Go to file
David Howells db0aa2e956
mm: Define struct folio_queue and ITER_FOLIOQ to handle a sequence of folios
Define a data structure, struct folio_queue, to represent a sequence of
folios and a kernel-internal I/O iterator type, ITER_FOLIOQ, to allow a
list of folio_queue structures to be used to provide a buffer to
iov_iter-taking functions, such as sendmsg and recvmsg.
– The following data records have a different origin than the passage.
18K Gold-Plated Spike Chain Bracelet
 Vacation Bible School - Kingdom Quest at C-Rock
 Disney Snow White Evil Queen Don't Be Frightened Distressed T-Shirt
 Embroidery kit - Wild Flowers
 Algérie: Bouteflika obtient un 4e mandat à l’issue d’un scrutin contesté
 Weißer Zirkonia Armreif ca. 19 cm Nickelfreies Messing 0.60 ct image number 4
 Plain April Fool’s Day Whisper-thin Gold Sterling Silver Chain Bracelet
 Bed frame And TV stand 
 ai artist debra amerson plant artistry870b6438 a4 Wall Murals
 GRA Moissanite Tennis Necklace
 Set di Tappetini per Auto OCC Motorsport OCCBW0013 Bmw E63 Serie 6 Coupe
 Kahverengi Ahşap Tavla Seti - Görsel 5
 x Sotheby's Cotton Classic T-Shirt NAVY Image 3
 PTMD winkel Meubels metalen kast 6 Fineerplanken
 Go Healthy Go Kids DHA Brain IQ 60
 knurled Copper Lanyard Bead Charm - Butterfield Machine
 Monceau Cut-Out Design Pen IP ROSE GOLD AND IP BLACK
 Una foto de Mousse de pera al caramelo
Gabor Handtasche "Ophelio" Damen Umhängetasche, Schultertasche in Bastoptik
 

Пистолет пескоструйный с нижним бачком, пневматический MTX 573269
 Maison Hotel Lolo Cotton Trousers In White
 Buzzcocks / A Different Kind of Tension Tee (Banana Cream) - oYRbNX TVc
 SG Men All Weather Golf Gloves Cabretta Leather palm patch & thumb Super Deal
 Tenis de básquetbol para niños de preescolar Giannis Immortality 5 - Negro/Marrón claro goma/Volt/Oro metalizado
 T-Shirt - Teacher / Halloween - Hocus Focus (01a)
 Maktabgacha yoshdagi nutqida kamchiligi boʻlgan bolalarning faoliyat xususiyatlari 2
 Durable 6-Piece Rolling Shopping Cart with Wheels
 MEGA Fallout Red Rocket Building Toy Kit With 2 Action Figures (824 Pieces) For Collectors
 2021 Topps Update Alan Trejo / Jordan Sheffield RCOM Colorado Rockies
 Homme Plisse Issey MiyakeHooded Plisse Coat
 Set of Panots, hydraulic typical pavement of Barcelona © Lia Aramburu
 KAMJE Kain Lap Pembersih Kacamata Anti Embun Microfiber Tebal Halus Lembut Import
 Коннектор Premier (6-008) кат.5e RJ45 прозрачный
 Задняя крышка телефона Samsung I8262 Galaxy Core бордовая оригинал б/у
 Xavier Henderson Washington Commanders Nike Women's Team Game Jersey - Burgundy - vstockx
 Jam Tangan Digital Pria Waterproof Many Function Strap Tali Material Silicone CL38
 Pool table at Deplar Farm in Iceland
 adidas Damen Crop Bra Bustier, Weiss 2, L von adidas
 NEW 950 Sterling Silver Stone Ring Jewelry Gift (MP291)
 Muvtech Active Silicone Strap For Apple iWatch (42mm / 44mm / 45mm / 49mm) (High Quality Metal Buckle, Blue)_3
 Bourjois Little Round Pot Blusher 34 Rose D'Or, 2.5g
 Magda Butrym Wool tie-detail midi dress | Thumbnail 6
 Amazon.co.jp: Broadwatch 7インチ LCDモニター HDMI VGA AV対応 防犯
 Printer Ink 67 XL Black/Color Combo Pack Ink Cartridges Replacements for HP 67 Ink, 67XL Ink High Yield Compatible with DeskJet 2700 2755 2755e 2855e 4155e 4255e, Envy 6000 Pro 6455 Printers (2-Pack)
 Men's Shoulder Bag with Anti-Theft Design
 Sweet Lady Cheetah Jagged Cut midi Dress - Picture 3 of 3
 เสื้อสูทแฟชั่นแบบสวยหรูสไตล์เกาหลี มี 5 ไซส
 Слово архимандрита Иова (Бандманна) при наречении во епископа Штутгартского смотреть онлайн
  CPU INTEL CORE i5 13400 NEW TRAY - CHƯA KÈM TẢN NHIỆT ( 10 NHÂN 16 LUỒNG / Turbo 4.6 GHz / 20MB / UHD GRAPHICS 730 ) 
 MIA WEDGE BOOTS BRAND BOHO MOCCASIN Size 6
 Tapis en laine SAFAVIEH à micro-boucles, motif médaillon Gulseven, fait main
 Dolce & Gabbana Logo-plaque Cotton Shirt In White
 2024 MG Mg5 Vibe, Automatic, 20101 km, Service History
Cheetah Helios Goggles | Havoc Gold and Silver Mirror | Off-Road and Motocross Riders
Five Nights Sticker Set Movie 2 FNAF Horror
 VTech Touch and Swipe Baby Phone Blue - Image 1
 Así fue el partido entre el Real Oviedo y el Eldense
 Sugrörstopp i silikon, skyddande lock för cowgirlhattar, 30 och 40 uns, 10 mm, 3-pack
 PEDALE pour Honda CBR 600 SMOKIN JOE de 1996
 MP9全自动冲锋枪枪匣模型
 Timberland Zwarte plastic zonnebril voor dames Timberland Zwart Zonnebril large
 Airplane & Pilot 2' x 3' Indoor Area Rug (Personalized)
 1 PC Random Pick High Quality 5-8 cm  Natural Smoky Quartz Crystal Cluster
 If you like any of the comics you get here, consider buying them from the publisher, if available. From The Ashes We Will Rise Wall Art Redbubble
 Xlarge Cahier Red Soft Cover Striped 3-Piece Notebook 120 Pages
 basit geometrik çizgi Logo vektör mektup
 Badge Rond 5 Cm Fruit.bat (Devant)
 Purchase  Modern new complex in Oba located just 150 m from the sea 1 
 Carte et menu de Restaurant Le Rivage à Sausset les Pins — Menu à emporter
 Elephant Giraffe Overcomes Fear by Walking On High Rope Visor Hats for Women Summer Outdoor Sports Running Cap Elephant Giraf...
The folio_queue structure looks like:

	struct folio_queue {
		struct folio_batch	vec;
		u8			orders[PAGEVEC_SIZE];
		struct folio_queue	*next;
		struct folio_queue	*prev;
		unsigned long		marks;
		unsigned long		marks2;
	};

It does not use a list_head so that next and/or prev can be set to NULL at
the ends of the list, allowing iov_iter-handling routines to determine that
they *are* the ends without needing to store a head pointer in the iov_iter
struct.

A folio_batch struct is used to hold the folio pointers which allows the
batch to be passed to batch handling functions.  Two mark bits are
available per slot.  The intention is to use at least one of them to mark
folios that need putting, but that might not be ultimately necessary.
Accessor functions are used to access the slots to do the masking and an
additional accessor function is used to indicate the size of the array.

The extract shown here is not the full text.